There are two marble holy water fonts. On the right-hand one may be seen the lily of the Farnese family, placed here when Cardinal Odoardo Farnese was the protector of the convent, 1601–1626. The one on the left side has the arms of the Carmelite Order. Another protector was Cardinal Virginio Orsini whose coat of arms can be seen on a marble bowl in the sacristy.

In the early 18th century the church was embellished with six paintings Scenes from the Life of St Bridget by Biagio Puccini, executed between 1702 and 1705.
Circa 1709–1711, Puccini also painted the large ceiling fresco. In its centre is The Glory of St Bridget which is clearly influenced by the large marble relief of The Glory of St Catherine of Siena by Melchiorre Cafà from the 1660s.

There are three recently discovered memorial plaques in the church. They are not in their original positions. Two of them, one by the entrance to the Chapel of St Richard and one by the sacristy door, must have been in Bridget's room, and the third was probably placed on the façade until the new church was built in the 16th century.

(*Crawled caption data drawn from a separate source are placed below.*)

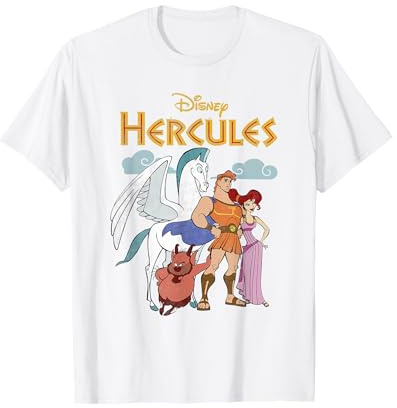 Disney Hercules Classic Group Shot Vintage T-Shirt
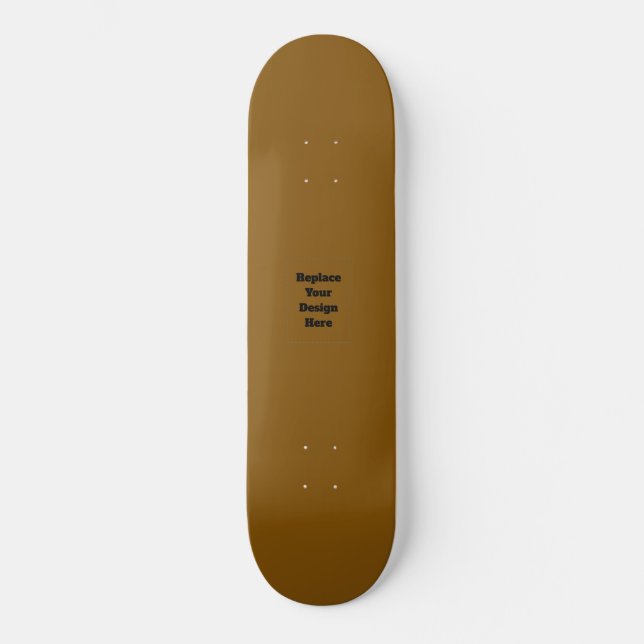 Skate Crie seu próprio marrom (Frente)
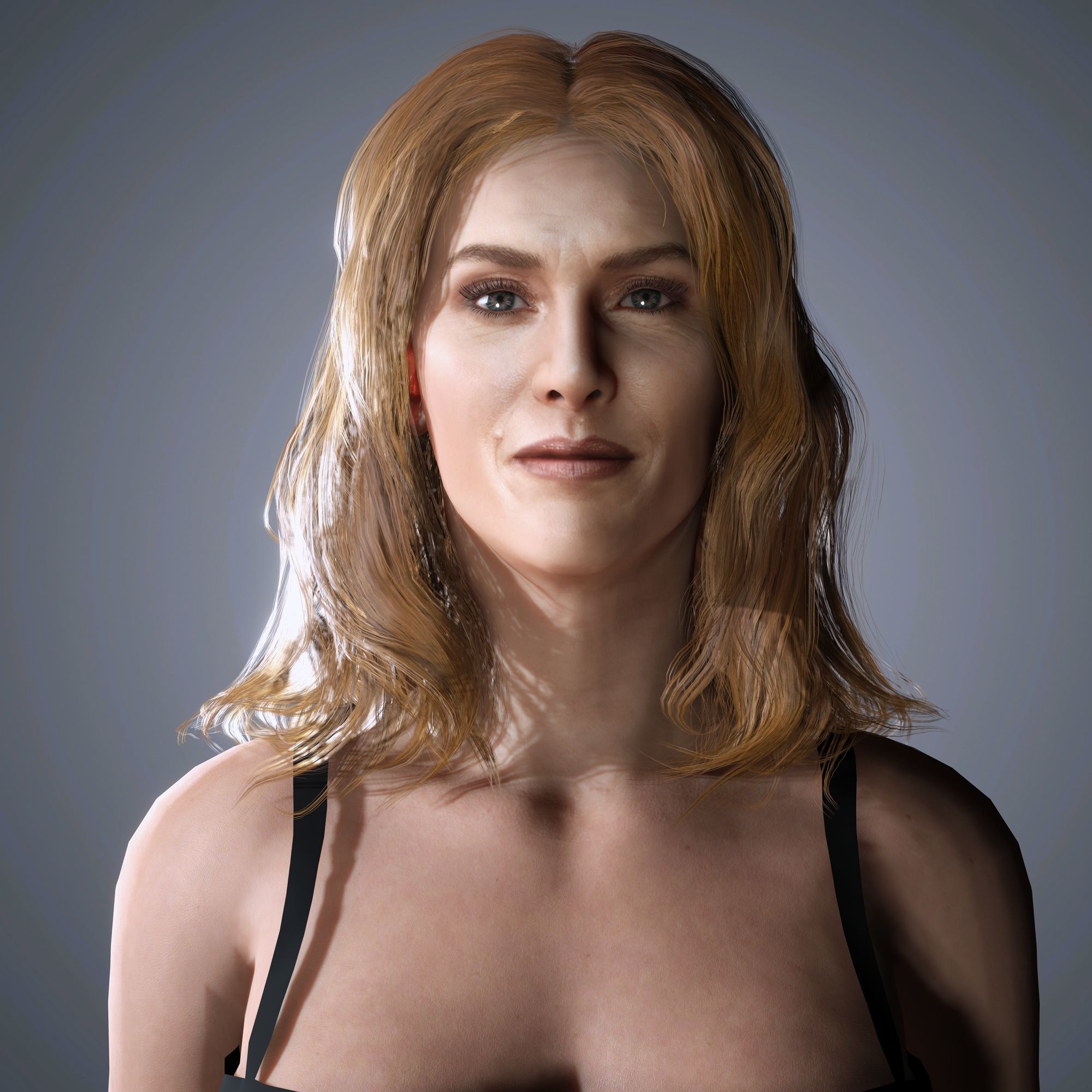 Kate Winslet Character  Low-poly 3D model_1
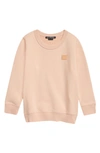 Acne Studios Kids' Mini Fairview Face Patch Sweatshirt In Powder Pink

===Chapel of St Richard===
Near the entrance are two doors. One leads to the Chapel of St Richard, the other to the new sacristy (1894). The chapel was built in 1894 on Neo-Gothic style by Raffaele Ingami. It is dedicated to an English Bridgettine monk, Richard Reynolds, who was martyred in London in 1535. He is considered the most important martyr of the order. The chapel was originally dedicated to Our Lady of Sorrows, and an inscription from this period has been preserved on the altar. On the walls are eight paintings of scenes from the life of the Blessed Virgin, made by Eugenio Cisterna.

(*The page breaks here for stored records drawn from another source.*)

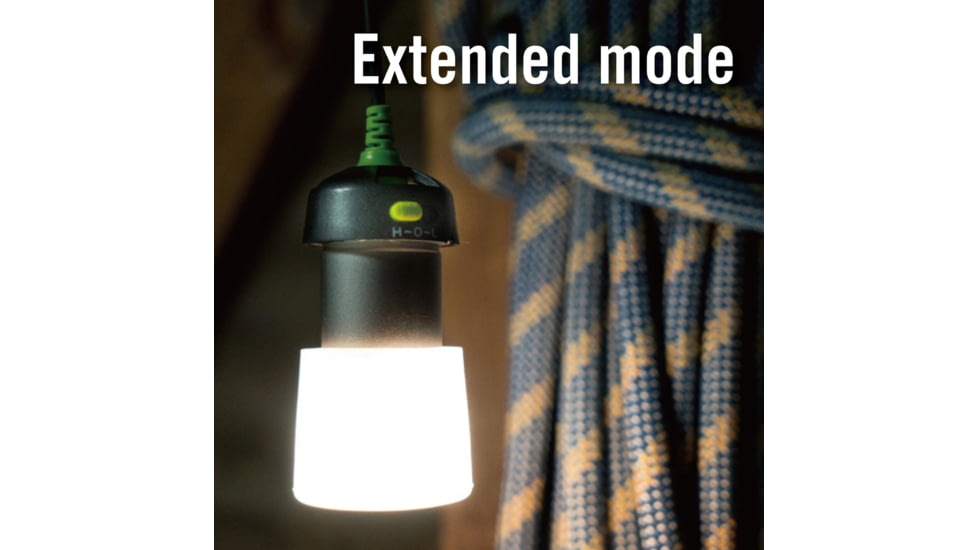 Kilimanjaro Gear The Lumavine Rechargeable Mini LED Lantern, Lithium ION, 11-40 Lumen, Green, 910271E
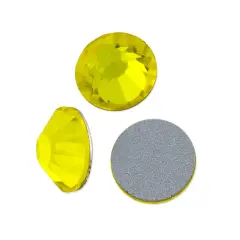 Preciosa Crystal VIVA12 Flat Back Rhinestone 6.5mm (SS30) Citrine (Package of 20)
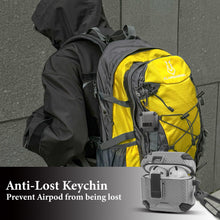 画像をギャラリービューアに読み込む, Geekria ハードシェルケース Apple AirPods 4用 耐衝撃フルボディカバー ロック解除フラップ、電話ホルダー、マグネット式バック付き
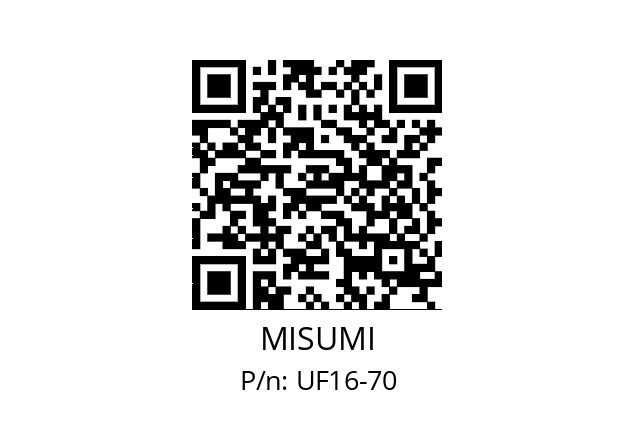   MISUMI UF16-70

On the right-hand side is the cenotaph of Nils Karlsson Bielke (died 1765) by Tommaso Righi. He was a descendant of one of St Bridget's brothers. After converting to Catholicism he lived in exile in Rome, and was made a senator. His place of burial is unknown.

Also on the right-hand side is the Altar of Our Lady. The painting by Virginio Monti, depicting Mary and the Holy Child in a classical landscape scene, was made in the 19th century. It is a copy of a lost original by Annibale Carracci.

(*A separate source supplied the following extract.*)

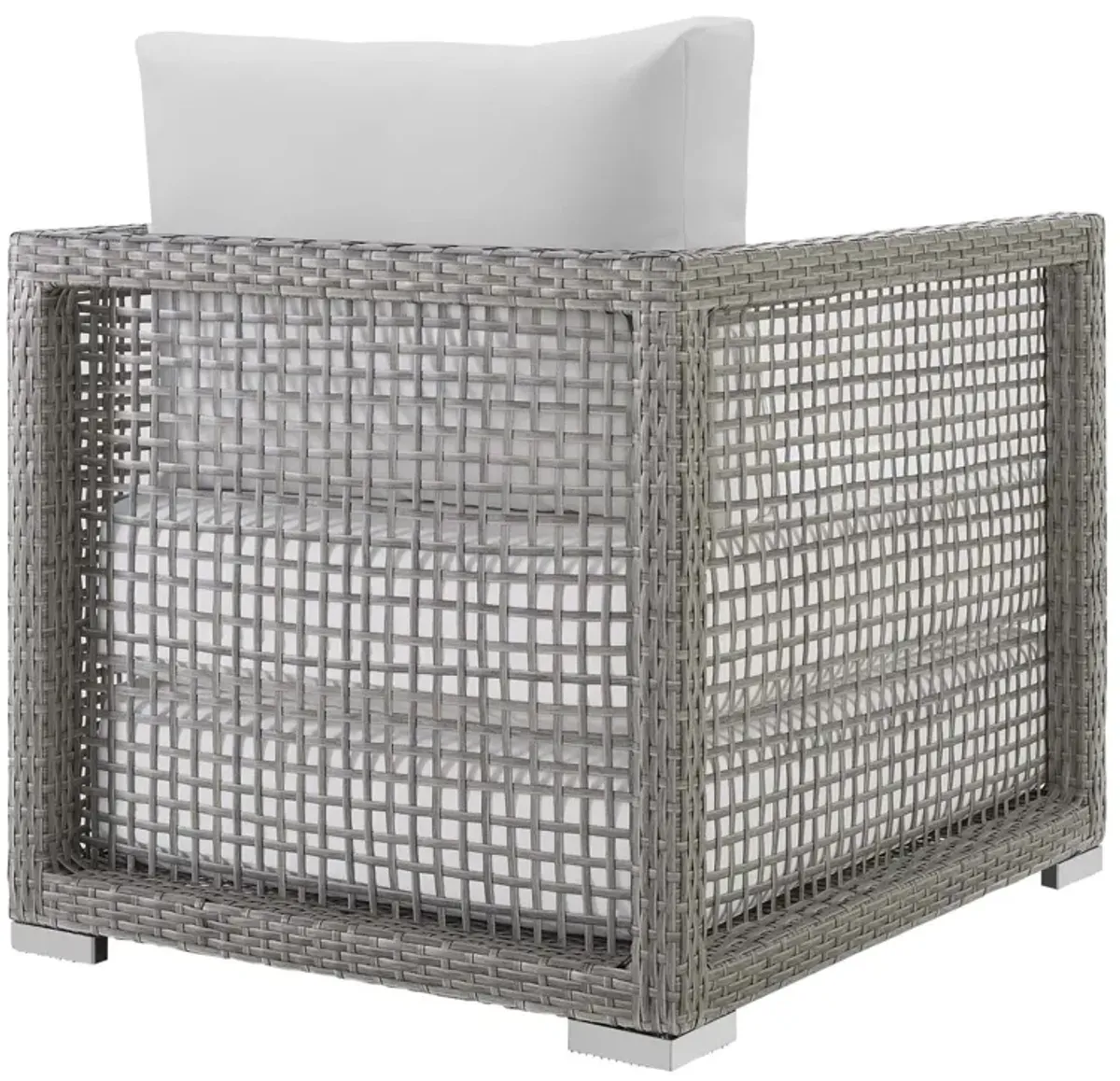 Aura 3 Piece Outdoor Patio Wicker Rattan Set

Opposite this altar is the Altar of St Catherine of Sweden. It was redecorated in 1894. The painting, made in that year, is by Eugenio Cisterna, a pupil of Virginio Monti. It originally depicted St Bridget and St Teresa of Avila, but when the church was given to the Bridgettine Sisters in 1930, the figure of St Teresa was altered to represent St Catherine.

===Chapel of St Catherine===

In the crypt is the Chapel of St Catherine, which was dedicated in 1972. It has 70 seats, and is used by the Church of Sweden. Lutheran services are held on Sundays and Thursdays.

==Convent==

The church is part of the convent of the Bridgettine Sisters. The convent building was owned by Francesca Papazurri, who became a close friend of St Bridget during the Holy Year of 1350. It was at that time known as the Palatium Magnum, The Grand Palace. Bridget lived there for 19 years, and her rooms have been preserved. After Bridget's death, the house was donated to the order's mother house in Vadstena, and it was used as a hospice for Swedish pilgrims and clergy visiting Rome.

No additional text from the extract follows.